Practice item. Set the material below down again exactly, with no pictures.

(Beginning of Information shown)

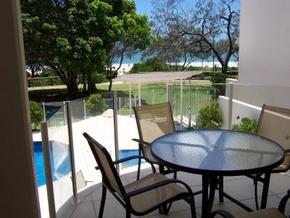 Sandcastles Noosa - Coogee Beach Accommodation 1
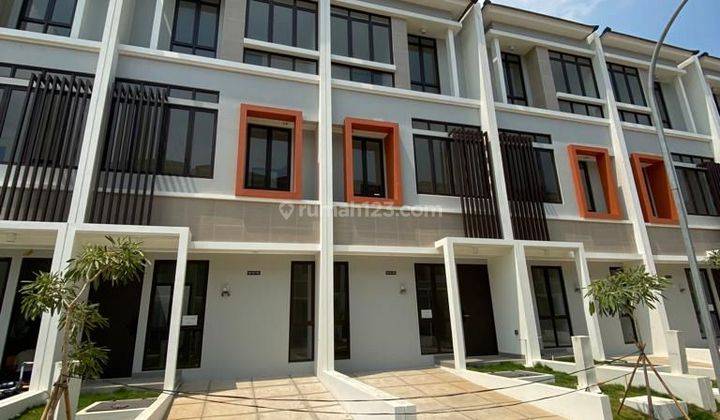 Wen Kirman Rumah Casa Jardin 2 Lantai Banyak Pilihan 1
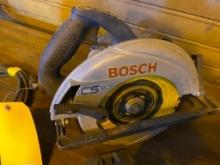 Bosch CS10 7-1/4" Circular Saw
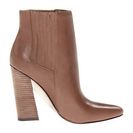 Incaltaminte Femei BCBGMAXAZRIA Metild Mushroom Polished Calf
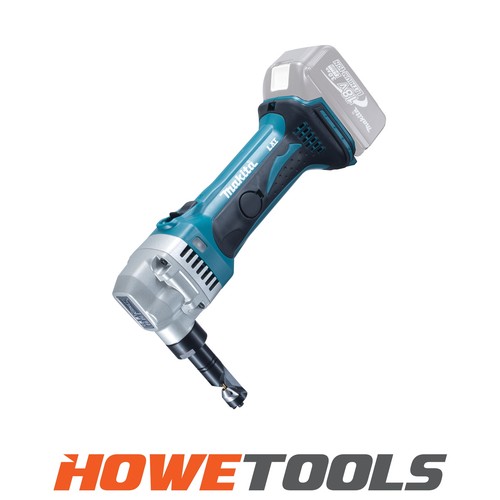 Makita djn161z 18v nibbler - makita,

(End of Information shown)

Reply to the task
 Sandcastles Noosa - Coogee Beach Accommodation 1
 Wen Kirman Rumah Casa Jardin 2 Lantai Banyak Pilihan 1
 Bosch CS10 7-1/4" Circular Saw
 Incaltaminte Femei BCBGMAXAZRIA Metild Mushroom Polished Calf
 Makita djn161z 18v nibbler - makita,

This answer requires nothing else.